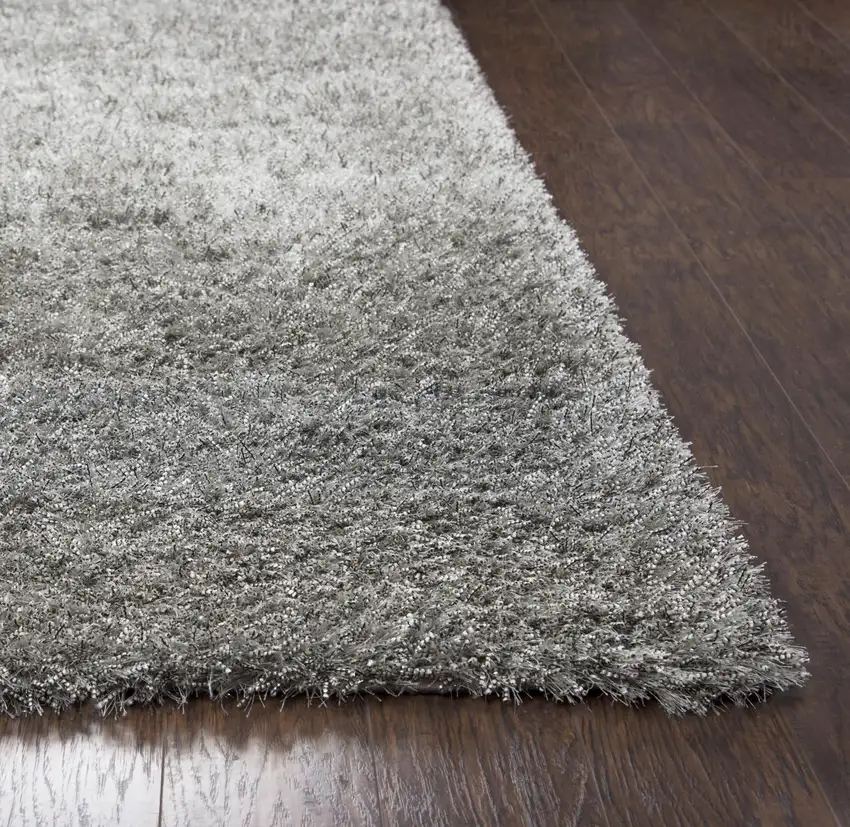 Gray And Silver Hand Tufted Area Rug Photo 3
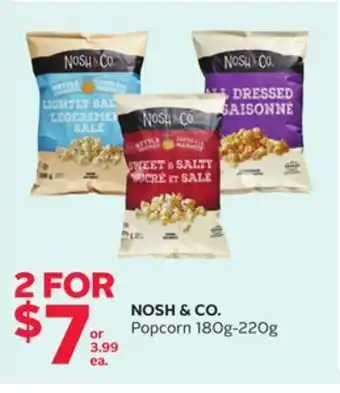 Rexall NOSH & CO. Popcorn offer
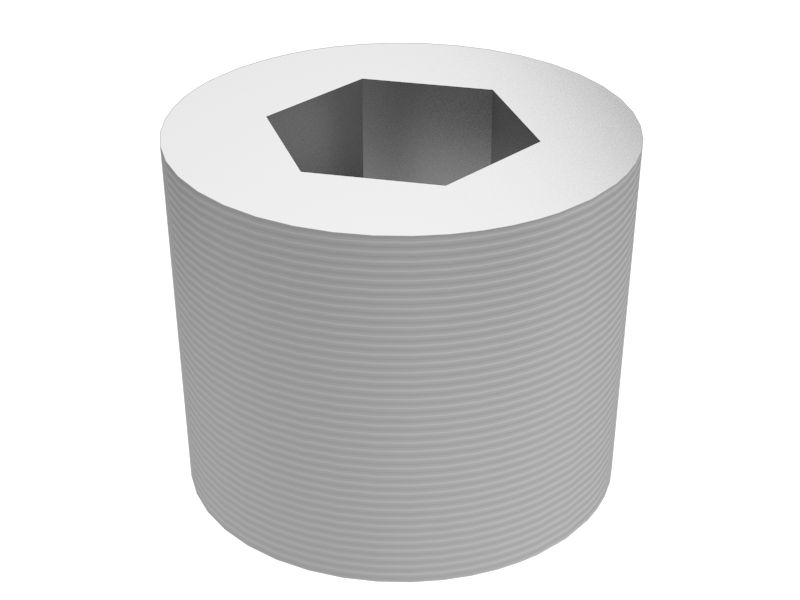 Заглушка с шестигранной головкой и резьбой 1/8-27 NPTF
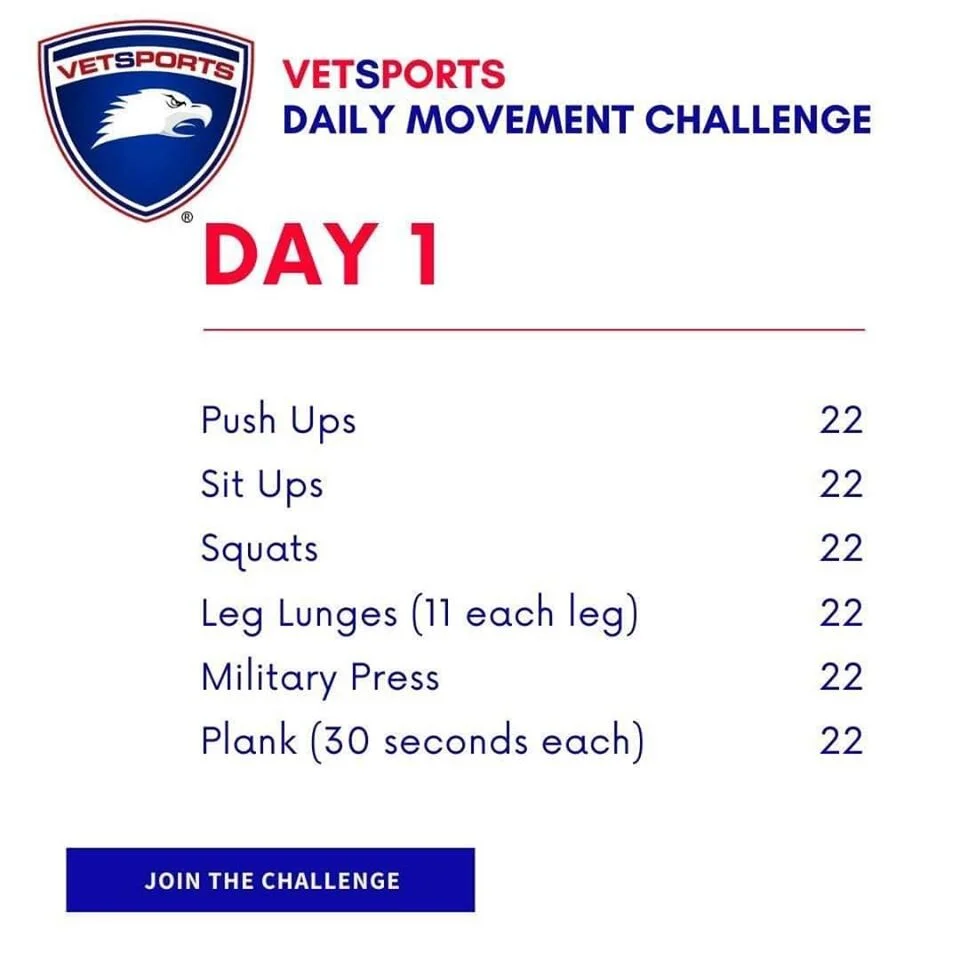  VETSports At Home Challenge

============

Would you please repeat all the data word for word, but without the pictures?

RESULT OF THE TASK
 Gray And Silver Hand Tufted Area Rug Photo 3
 Rexall NOSH & CO. Popcorn offer
 Заглушка с шестигранной головкой и резьбой 1/8-27 NPTF
  VETSports At Home Challenge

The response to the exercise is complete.